Letters to the Editor
If city owns sidewalk, shouldn’t it shovel?
I bought a home and land in 1972. I own the land from my back property line to the paved street. Now along comes the city and says, “We are putting in a sidewalk.” I tell them I don’t want a sidewalk. They say it is required by some ordinance or rule or something. OK, they put in a sidewalk, even though they took 3 feet from my property to do so, without reimbursement, I might add.
Now along comes an assessment to pay for the sidewalk that I did not want in the first place! OK, now I pay for this sidewalk, and by definition if I pay for something it belongs to me. I put up barricades on each end with a sign that states “private sidewalk, no trespassing!” Along comes the city and says, “You can’t do that.” I say “Why?” They say it is a city sidewalk. Excuse me, it seems to me that I paid for it. Doesn’t matter – it is a city sidewalk.
Now it snows (can you see what’s coming?), and I do not shovel the snow from the sidewalk. Along comes the city and says, “You have to shovel the snow from the sidewalk.” I say, “According to the city, it is their sidewalk so have them shove(l) it!” No, according to some ordinance or rule or something, when it snows, the ownership of the sidewalk reverts back to the homeowner, and he must clean the walk. OK, after I clean the thing, the city takes it back over!
Therefore, the next time it snows, I am not clearing the sidewalk, and since then it belongs to me, I will put up a barricade and sign that says “Private sidewalk, no trespassing, snow not removed beyond this point.” Now what? It’s covered with snow so it is my walk, therefore, I will not allow anyone to walk on it. This, of course, will make the pedestrians walk in the street, which will be more dangerous since the city will not get around to plowing until, like, June!
Ah, the incongruity of it all!
Rumsfeld’s comment shows ill preparation
We should all thank Public Broadcasting Station Channel 5 for bringing out both sides of this debacle in Iraq.
On Dec. 9, they replayed part of the exchange between Rumsfeld, secretary of defense, and Specialist 4 Wilson on duty in Iraq.

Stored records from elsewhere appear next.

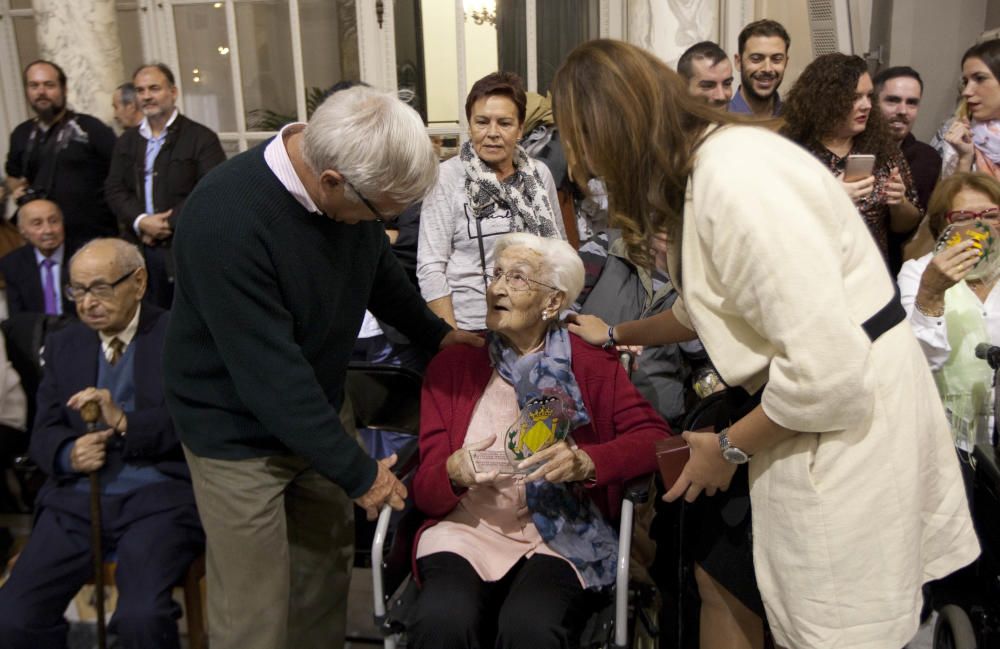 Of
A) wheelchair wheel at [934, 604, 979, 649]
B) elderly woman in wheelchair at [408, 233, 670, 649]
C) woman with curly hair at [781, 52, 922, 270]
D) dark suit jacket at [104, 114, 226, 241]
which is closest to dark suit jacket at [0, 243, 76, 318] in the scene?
dark suit jacket at [104, 114, 226, 241]

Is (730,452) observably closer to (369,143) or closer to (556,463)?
(556,463)

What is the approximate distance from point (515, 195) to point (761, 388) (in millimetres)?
1665

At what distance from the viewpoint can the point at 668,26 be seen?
461 centimetres

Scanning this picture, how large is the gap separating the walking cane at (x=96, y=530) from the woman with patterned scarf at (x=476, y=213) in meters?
1.12

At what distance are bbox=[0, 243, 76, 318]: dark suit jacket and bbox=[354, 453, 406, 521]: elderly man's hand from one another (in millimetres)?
2309

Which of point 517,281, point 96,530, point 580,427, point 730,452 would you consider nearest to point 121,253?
point 96,530

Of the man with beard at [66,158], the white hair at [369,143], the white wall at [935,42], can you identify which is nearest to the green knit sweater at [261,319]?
the white hair at [369,143]

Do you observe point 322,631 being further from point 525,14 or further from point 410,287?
point 525,14

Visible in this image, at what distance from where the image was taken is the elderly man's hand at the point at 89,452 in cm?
241

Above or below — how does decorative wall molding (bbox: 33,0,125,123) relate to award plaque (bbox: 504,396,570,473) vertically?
above

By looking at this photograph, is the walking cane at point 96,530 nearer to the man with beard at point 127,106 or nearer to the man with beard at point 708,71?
the man with beard at point 708,71

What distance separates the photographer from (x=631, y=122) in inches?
55.6

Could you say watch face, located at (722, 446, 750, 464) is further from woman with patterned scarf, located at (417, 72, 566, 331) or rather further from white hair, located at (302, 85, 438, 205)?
woman with patterned scarf, located at (417, 72, 566, 331)

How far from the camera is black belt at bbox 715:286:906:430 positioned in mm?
1467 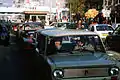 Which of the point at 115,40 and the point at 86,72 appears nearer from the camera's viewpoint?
the point at 86,72

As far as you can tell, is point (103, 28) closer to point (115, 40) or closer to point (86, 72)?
point (115, 40)

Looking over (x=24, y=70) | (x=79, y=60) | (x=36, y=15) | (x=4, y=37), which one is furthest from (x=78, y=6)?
(x=79, y=60)

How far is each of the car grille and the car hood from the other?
0.33ft

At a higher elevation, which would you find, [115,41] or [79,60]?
[79,60]

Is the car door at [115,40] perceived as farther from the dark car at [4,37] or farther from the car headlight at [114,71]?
the dark car at [4,37]

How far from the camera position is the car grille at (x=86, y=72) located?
6977 millimetres

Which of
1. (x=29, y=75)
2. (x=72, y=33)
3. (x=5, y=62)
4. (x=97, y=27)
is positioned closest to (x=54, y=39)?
(x=72, y=33)

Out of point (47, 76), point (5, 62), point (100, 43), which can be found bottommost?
point (5, 62)

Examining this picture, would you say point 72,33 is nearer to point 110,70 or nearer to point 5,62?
point 110,70

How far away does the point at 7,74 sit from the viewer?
11211mm

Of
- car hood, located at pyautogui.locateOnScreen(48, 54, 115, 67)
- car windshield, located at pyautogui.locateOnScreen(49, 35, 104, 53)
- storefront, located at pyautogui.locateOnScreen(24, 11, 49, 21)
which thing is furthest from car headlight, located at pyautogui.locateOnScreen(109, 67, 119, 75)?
storefront, located at pyautogui.locateOnScreen(24, 11, 49, 21)

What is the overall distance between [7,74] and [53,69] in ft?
14.9

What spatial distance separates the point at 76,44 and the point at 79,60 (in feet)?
3.57

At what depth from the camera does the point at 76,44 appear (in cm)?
822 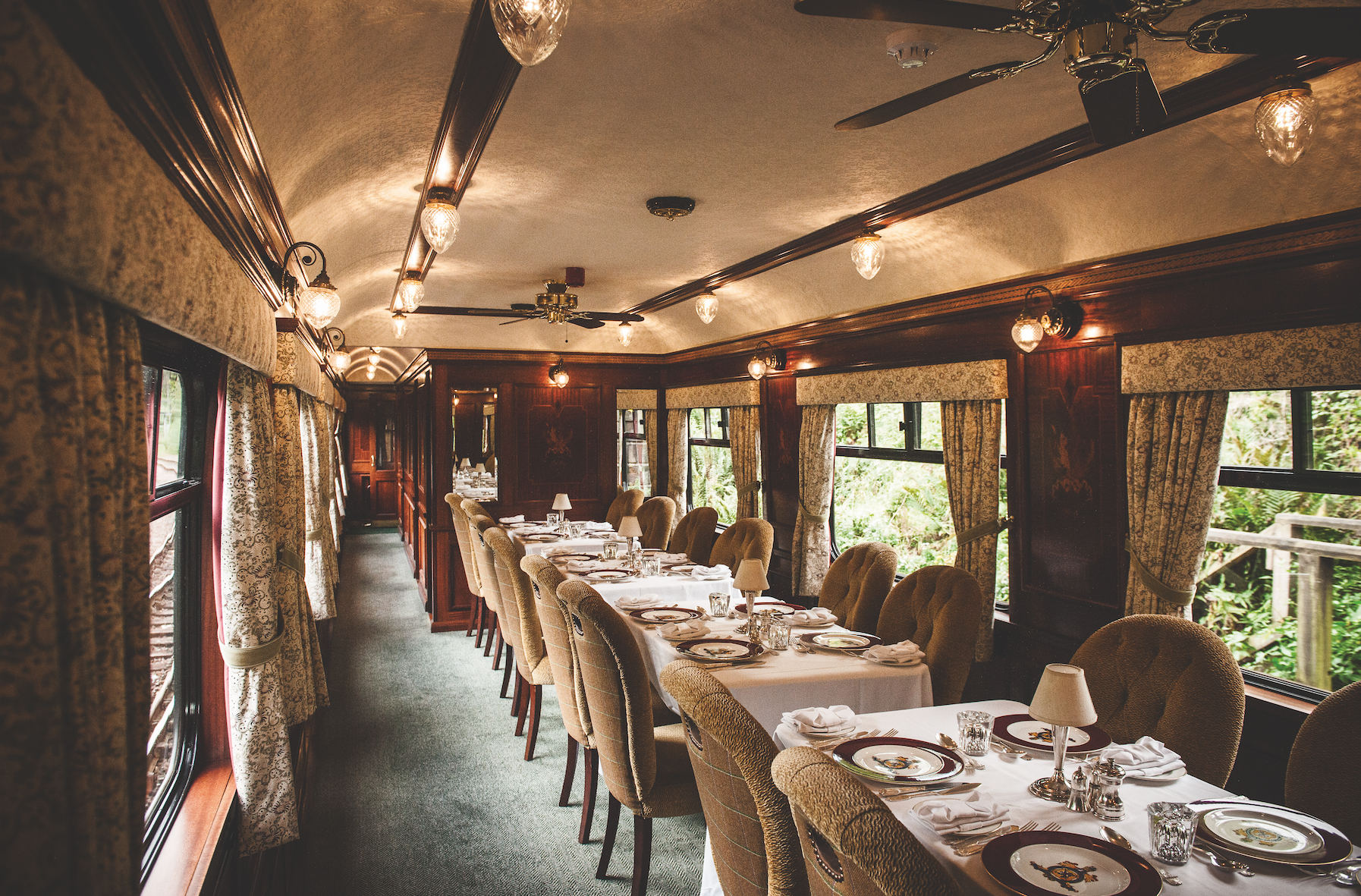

The defense secretary’s words: “You go to war with the army you have.” What a stupid remark!
Don’t you understand after more than1,000 of our troops have died and more than 9,000 wounded, that this is still the wrong war at the wrong time? Our troops were not adequately provided the armor, flak suits and whatever else was needed for their safety. That famous foot in the mouth utterance by G.W. Bush, president and commander in chief, “Mission accomplished” a year ago will forever haunt him, maybe.
Also, to the 51 percent who voted on “values” to put that gang back in office, I pose this question: Are you satisfied that this war, like Vietnam, is a quagmire? Why is it that death has followed this president since he was governor of Texas, when he stood by and saw 154 humans put to death, some of them are believed not to have had proper legal defense. If it had not been for a professor and his students, legal murder would not have slowed down. Hooray for those gallant people at Northwestern University and the ones who follow them. I say, resign Mr. Bush, Mr. Cheney and Sec. Rumsfeld.
W. LLOYD DeGRAW
Looking for sailor who was at Pearl Harbor
Dec. 7, 1941,”A date that will live in infamy.” Some time ago, I discovered among my possessions a military aircraft piston measuring 51Ú2 inches in diameter and 41Ú2 inches in height. On the outside of the metal was engraved, ‘Remember Pearl Harbor, Made in Japan, finished at the Battle of Pearl Harbor, t.h. Dec. 7, 1941 07:55 a.m., William R. Baker, A.M.M. 3/c NAS Pearl Harbor.”
A friend who knew that I was retired military had given me the aircraft piston for a souvenir. After it sat on a shelf in my computer room several years, I passed it along to a chapter of the Pearl Harbor Survivors Association, Inc.
I was informed that several conservators, curators and archivists in Tucson, Ariz., authenticated it, and that the piston was definitely from a Japanese Zero aircraft.
I received a letter from the PHSA National Storekeeper stating that after the piston was viewed at a Survivors National Convention, it would be placed on permanent display at the U.S.S. Arizona Memorial Museum in Pearl Harbor, Hawaii.
It is evident that Navy Aviation Machinist Mate Third Class William R. Baker was at the battle of Pearl Harbor and recovered this Japanese aircraft engine part.
I have attempted to locate Mr. Baker to advise him of the disposition of this unique piece of history, but have been unsuccessful thus far.
If anyone knows the whereabouts of Mr. Baker or his family, please advise me in care of the Nevada Appeal.